> WHAT TO PRODUCE
The records that follow are to be repeated in full, with no pictures retained.

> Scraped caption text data
%%

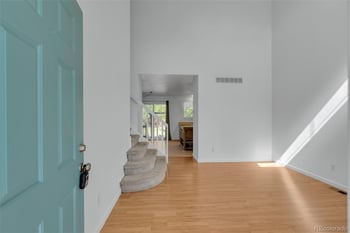 3536 Morning Glory Dr, Castle Rock, CO 80109
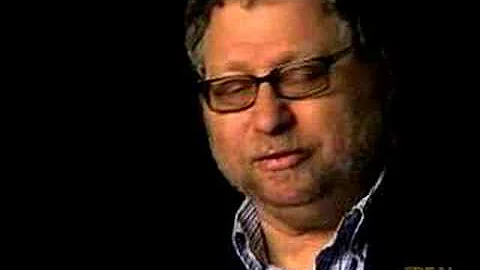 Danny Schechter on theRealNews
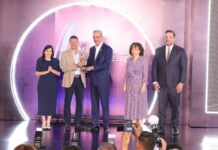 Iberostar recibe reconocimiento por su liderazgo en sostenibilidad e inversión responsable en República Dominicana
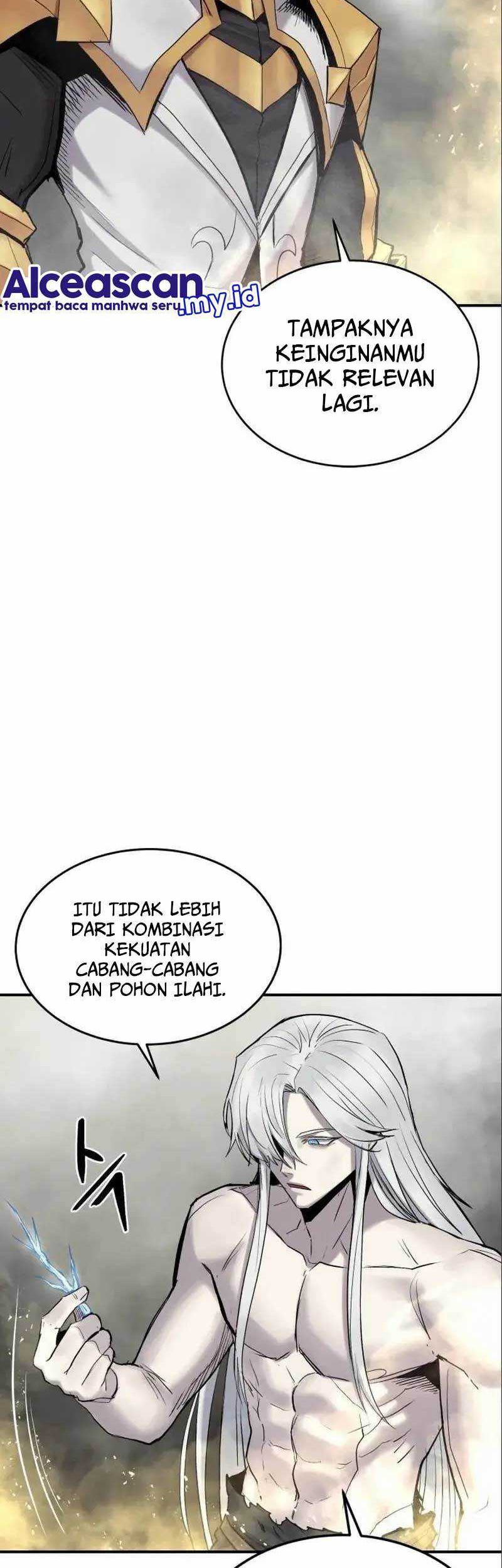 Howling Dragon Chapter 09 Gambar 38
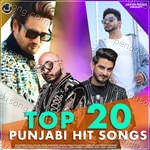 Top 20 Punjabi Hit Songs - Bhinda Aujla Song Download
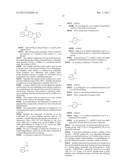 PROCESS FOR THE PREPARATION OF SEMICONDUCTOR MATERIALS, COMPOUNDS AND     THEIR USE diagram and image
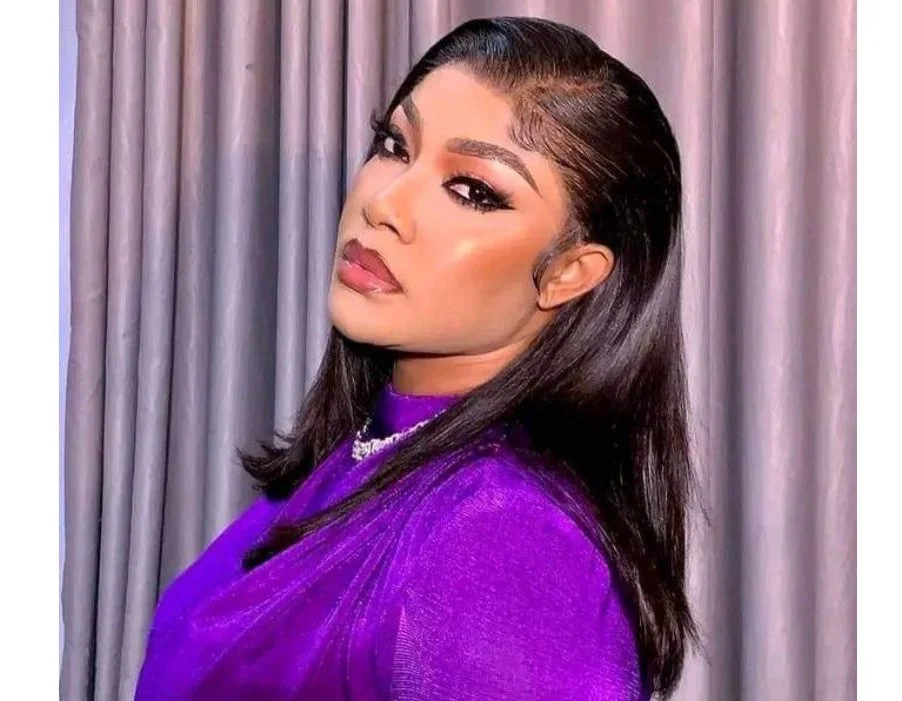 Angela Okorie Clears the Air on WhatsApp Group Controversy, Seeks Jstice for Mohbad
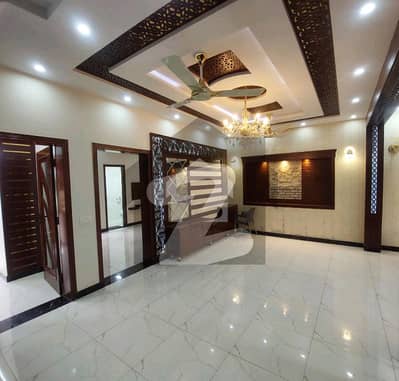5 Marla Brand New House Available For Sale In CC Block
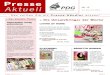 Zeitschriften richtig LIVING AT HOME - Co. KGpdg-bielefeld.de/rs/2019-06-Rundschreiben.pdfMEIN LANDREZEPT hat für die Leser und Leserin-nen 130 Rezepte für Brot wie vom Bäcker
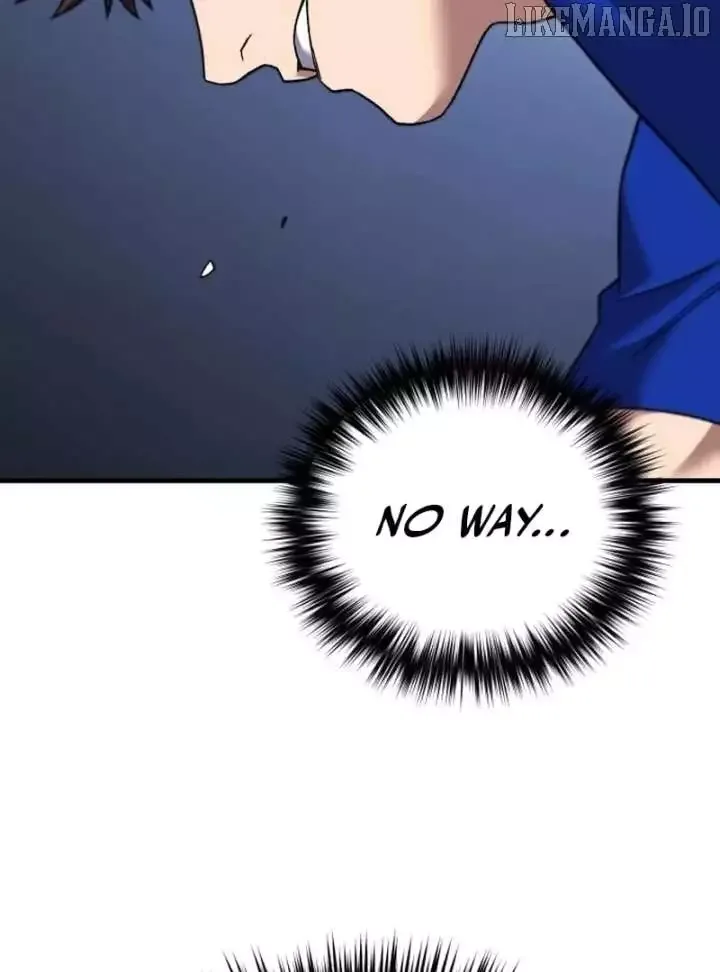 The Genius Midfielder’s Pass Is Special Chapter 25 page 130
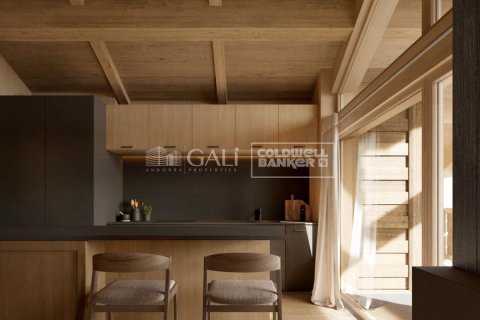 3 bedrooms apartment for sale in Principado De Andorra (Ninguna Poblacion Tiene C.P.), Lleida, Catalonia, Spain № 5483 - photo 4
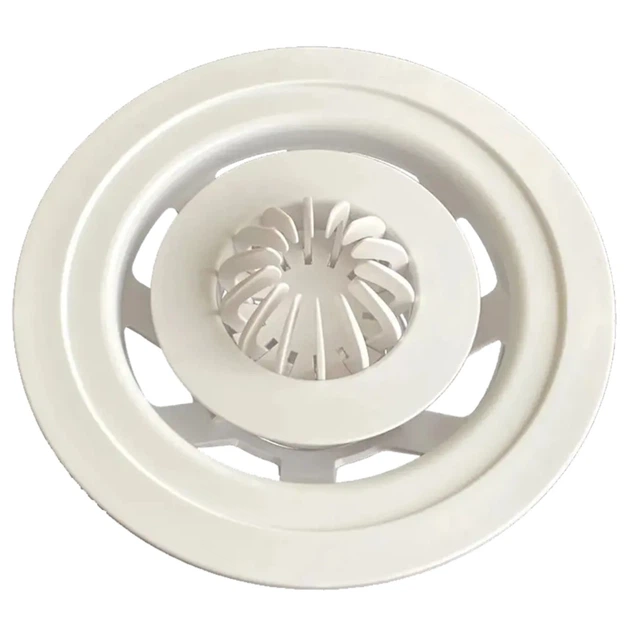 Хинкальница форма аппарат для лепки хинкали 18х9 см Белый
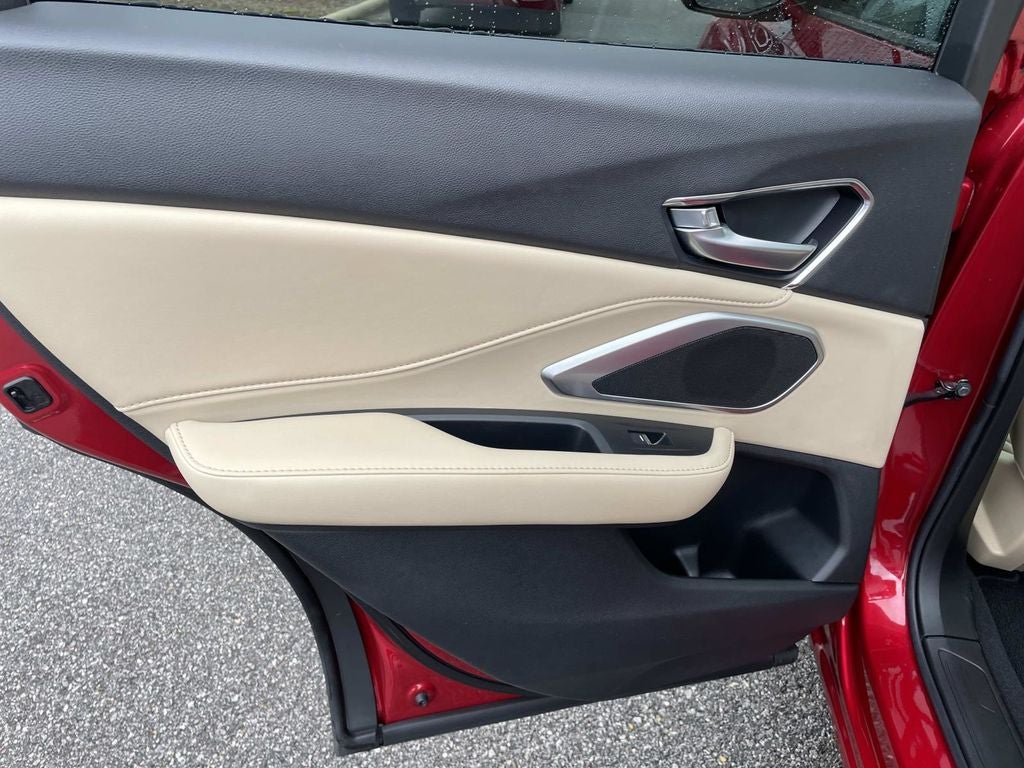 2024 Acura RDX Base SH-AWD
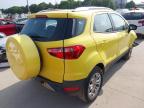 2014 FORD ECOSPORT T for sale at Copart SANDY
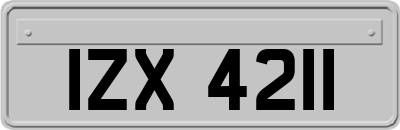 IZX4211
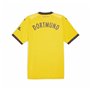 T-shirt à manches courtes homme Puma Borussia Dortmund L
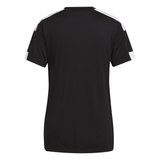 adidas Squadra 21 Jersey W Black/White - Best Buy Soccer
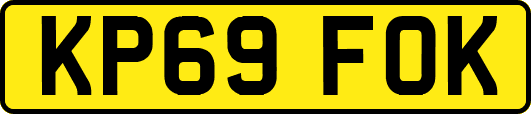 KP69FOK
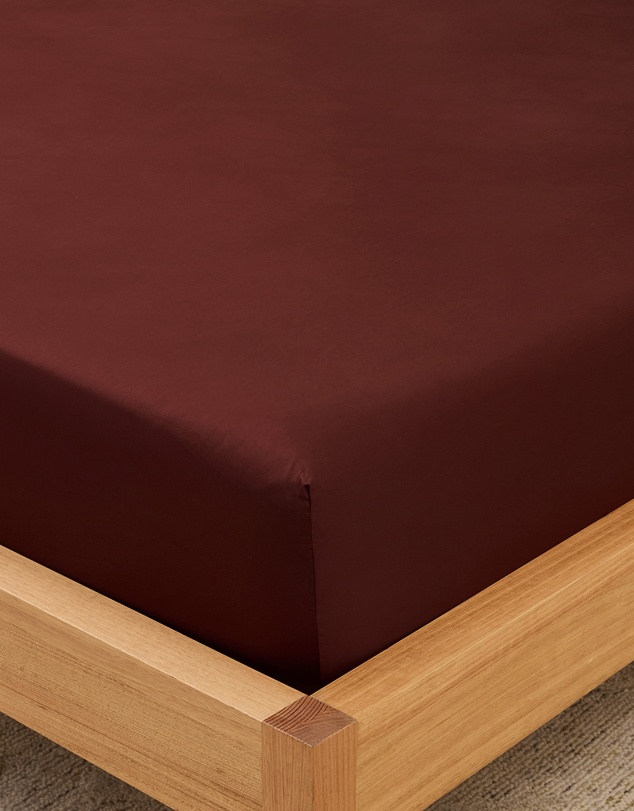 Sheet Society - Eden Cotton Fitted Sheet Set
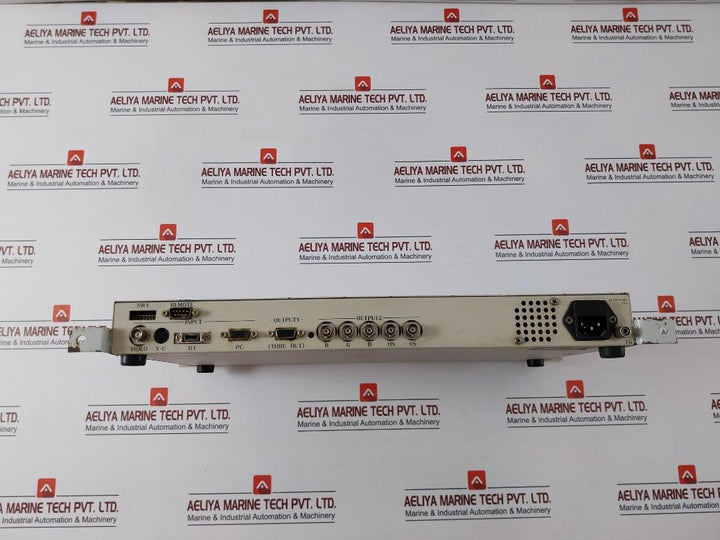 Idk Edv-03X Video Up Converter T1A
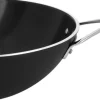 Alu Pro 5 Ceraforce Wok 30 cm|ohgreen Online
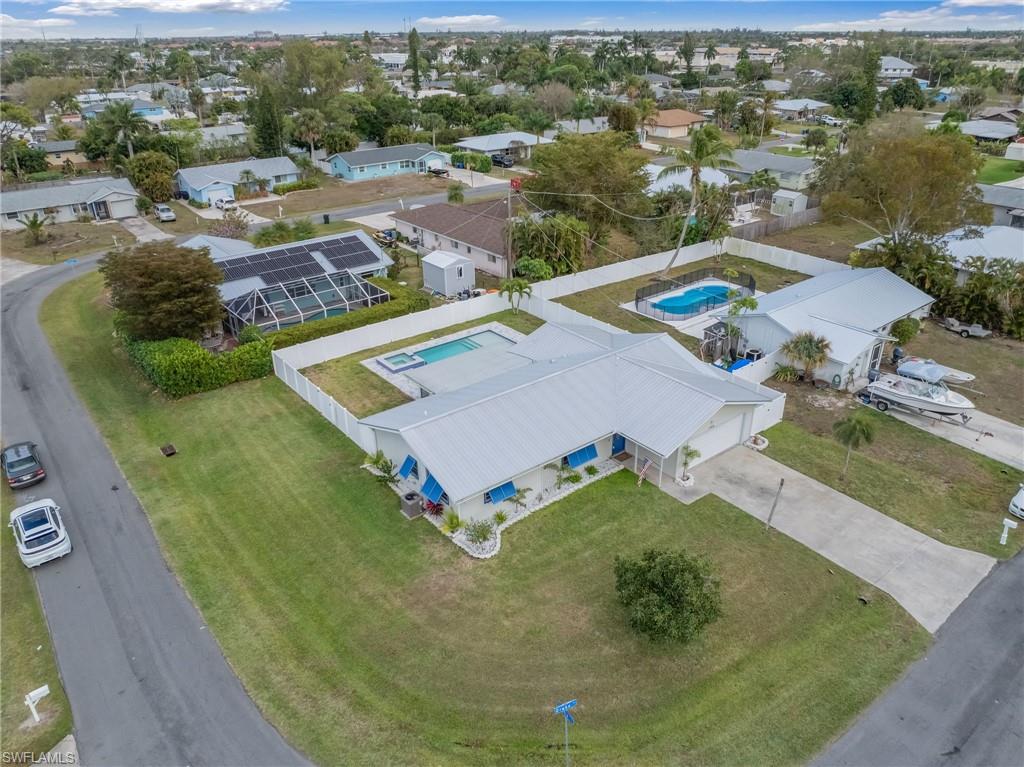 WILDWOOD ADDITION - Residential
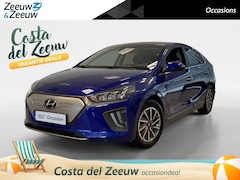 Hyundai IONIQ - 38 KWH | PREMIUM | DEALERONDERHOUDEN |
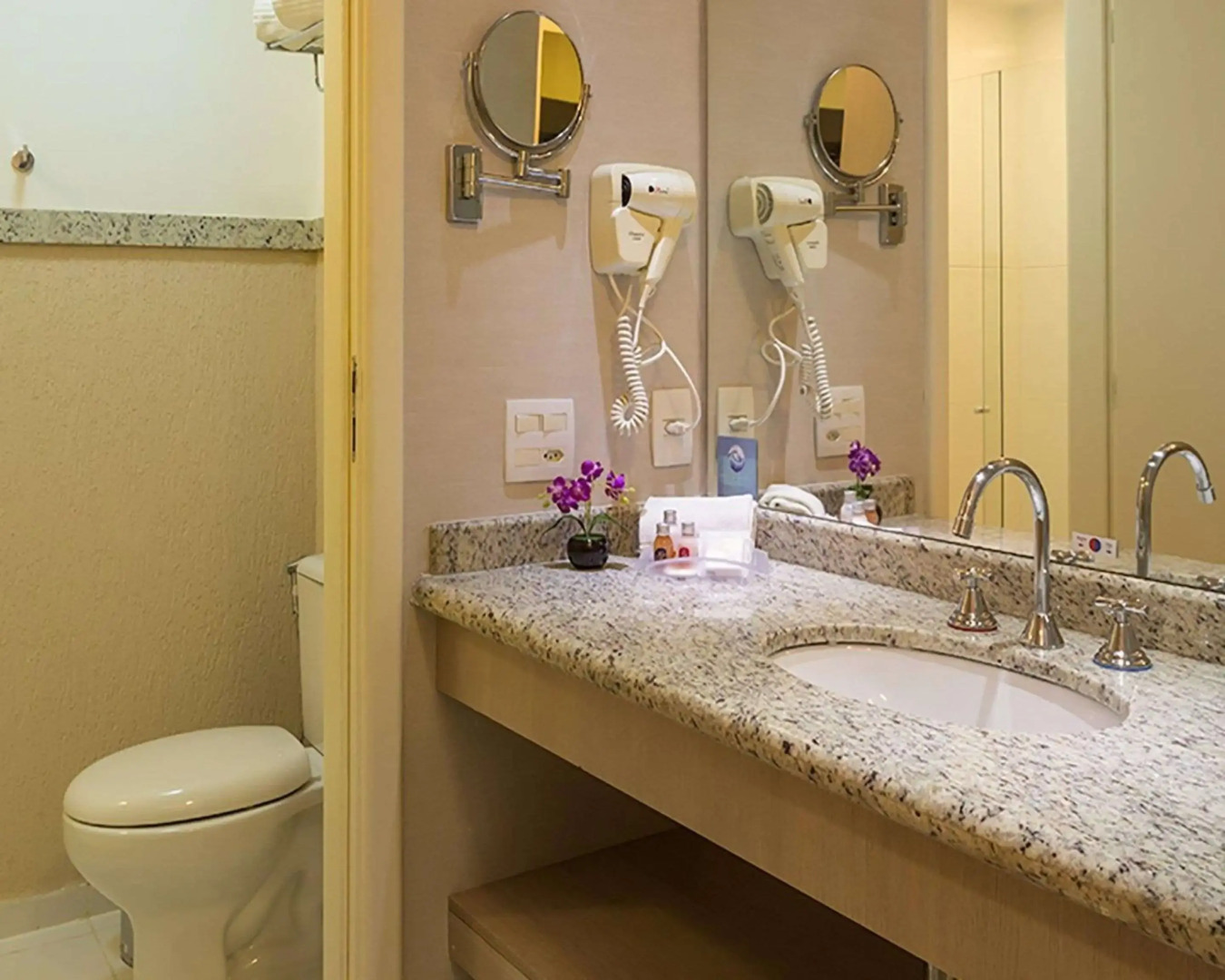 Photo - Quality Rio de Janeiro - Barra da Tijuca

%%

> EXERCISE RESULT
 3536 Morning Glory Dr, Castle Rock, CO 80109
 Danny Schechter on theRealNews
 Iberostar recibe reconocimiento por su liderazgo en sostenibilidad e inversión responsable en República Dominicana
 Howling Dragon Chapter 09 Gambar 38
 Top 20 Punjabi Hit Songs - Bhinda Aujla Song Download
 PROCESS FOR THE PREPARATION OF SEMICONDUCTOR MATERIALS, COMPOUNDS AND     THEIR USE diagram and image
 Angela Okorie Clears the Air on WhatsApp Group Controversy, Seeks Jstice for Mohbad
5 Marla Brand New House Available For Sale In CC Block
 Zeitschriften richtig LIVING AT HOME - Co. KGpdg-bielefeld.de/rs/2019-06-Rundschreiben.pdfMEIN LANDREZEPT hat für die Leser und Leserin-nen 130 Rezepte für Brot wie vom Bäcker
 The Genius Midfielder’s Pass Is Special Chapter 25 page 130
 3 bedrooms apartment for sale in Principado De Andorra (Ninguna Poblacion Tiene C.P.), Lleida, Catalonia, Spain № 5483 - photo 4
 Хинкальница форма аппарат для лепки хинкали 18х9 см Белый
 2024 Acura RDX Base SH-AWD
 2014 FORD ECOSPORT T for sale at Copart SANDY
 IZX4211
 T-shirt à manches courtes homme Puma Borussia Dortmund L
 adidas Squadra 21 Jersey W Black/White - Best Buy Soccer
 KP69FOK
 Sheet Society - Eden Cotton Fitted Sheet Set
 Idk Edv-03X Video Up Converter T1A
 Alu Pro 5 Ceraforce Wok 30 cm|ohgreen Online
 WILDWOOD ADDITION - Residential
 Hyundai IONIQ - 38 KWH | PREMIUM | DEALERONDERHOUDEN |
 Photo - Quality Rio de Janeiro - Barra da Tijuca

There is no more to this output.